Fortune: Why is Lowe’s committed to gapping the industrywide skills shortage now?

Janice Dupré: We’re in home improvement, so we work with professional customers. We know the backlog they’re dealing with on jobs, and it’s not because of product, and it’s not because the jobs are big. The biggest deal is that they don’t have enough people, and we’re seeing this trend as well. The industry has a skills shortage, and we want to do our part.

Can you share more about the Lowe’s Foundation’s new grant program?

Through the Gable Grants program, we’re investing $50 million over five years to produce 50,000 people into the skilled trades. And the way we’re doing that is through two tranches. The first tranche is partnering with community and technical colleges to ensure students get a well-rounded education heavily focused on trades so they can go straight into business on their own or into an employment opportunity with an organization. 

The second tranche starts in August when we open the grant up to community partners to support some of their efforts to produce more people in the skilled trades.

What needs do the grants speak to in the current labor market? 

We know for sure that the labor shortage in construction is real. A quarter of construction workers are expected to retire in the next five years, and nobody is taking their place because we don’t even have enough youth pursuing this area or in our population to take care of this.

I would also offer that nearly 14% of the population is African American or Black, but they make up just 5% of the construction workers. We have an opportunity to help a community that wants to pursue this career path to get to work. And then women account for approximately 11% of construction workers overall, just 2% of electricians, and 1% of plumbers. So, this is about how we can do our part to influence and encourage people.

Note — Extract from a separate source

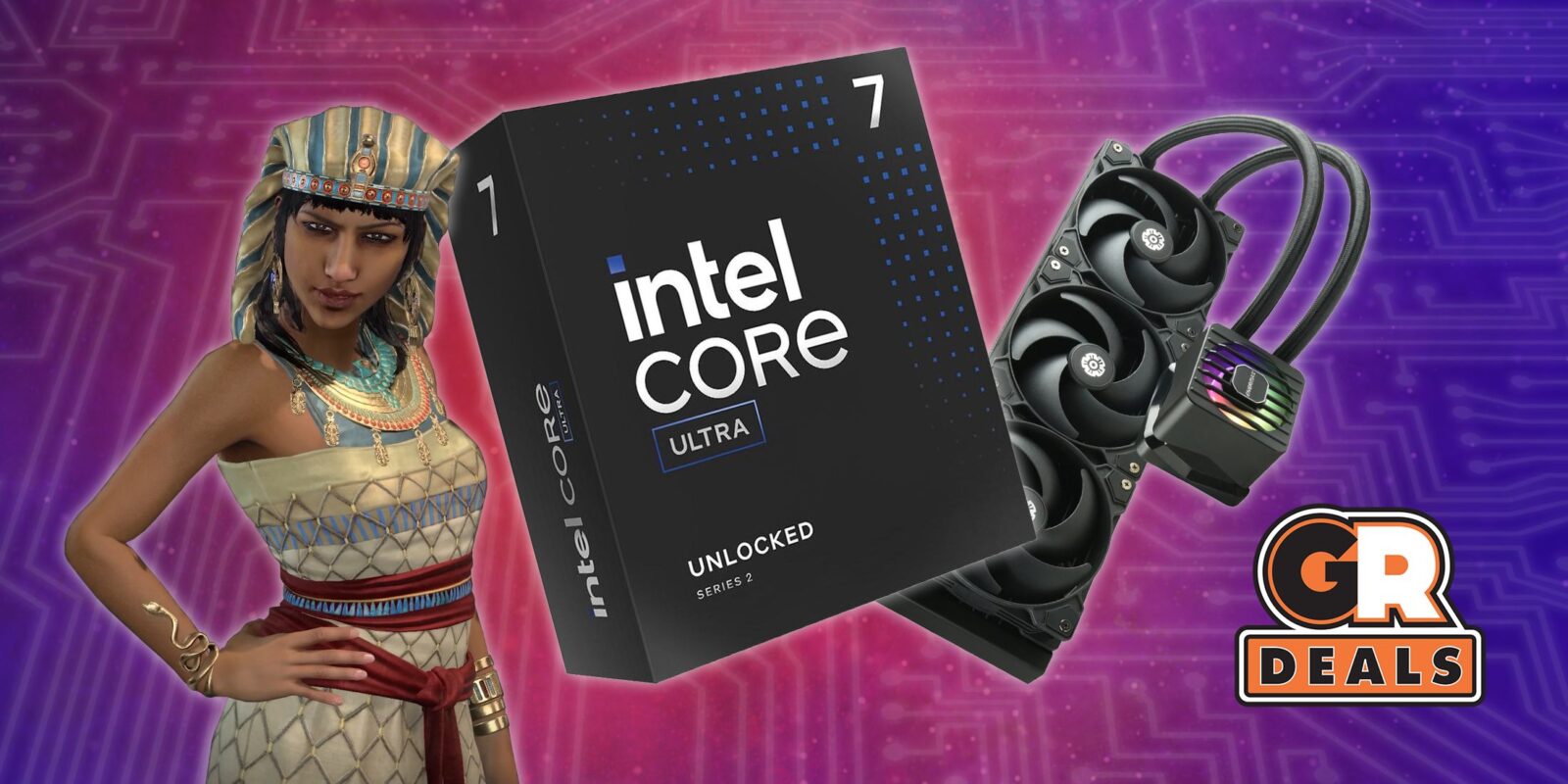 Save Big on the Intel Core Ultra 7 265K Bundle at Newegg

Lowe’s does a lot of reskilling and training internally. How does this work overlap with that?

Back in 2018, we launched an internal program called Track to the Trades, and this was when we began to understand the limitations of staffing and available talent in trade skills. We decided to launch an internal development program where you had to work with Lowe’s for some time before applying for the program, and we paid for your education and certification.

We intended to launch employees to work as entrepreneurs or with skilled trades organizations. But we found that many of our associates wanted to get those skills and stay within Lowe’s, so we worked to make that possible. Nearly 3,500 graduates have gone through the internal training program, but we have over 4,000 people currently enrolled. 

More companies are investing in learning and development, knowing that employees could leave their employers after training. What is the real benefit of development opportunities in a tight labor market?

Our biggest mission is to become the employer of choice in retail. That strategy has three pillars: a good job, a sense of belonging, and a promising future. We’ve heard from our associates that they want to be here, so how do they grow their careers? 

Our tuition-free program allows them to get the education and certifications needed to navigate different roles within Lowe’s. They want to chart their paths, which could be becoming a tradesperson and moving out of Lowe’s or maybe owning their own business. But we have seen 80% of our store leadership roles filled within the last year, and that’s a commitment.